Given data ->
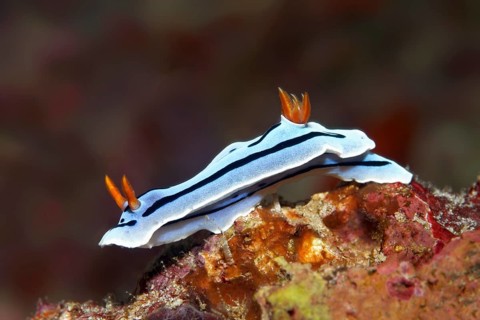 Magnificent star snail (Chromodoris lochi)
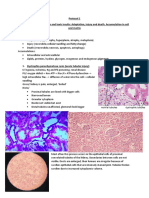 Pathology Slides 1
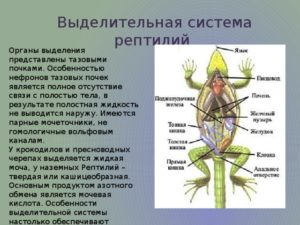 Организмы у которых органы выделения представлены почками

Activity ->
Without including any picture, write out the material above exactly.

Exercise solution ->
 Magnificent star snail (Chromodoris lochi)
 Pathology Slides 1
 Организмы у которых органы выделения представлены почками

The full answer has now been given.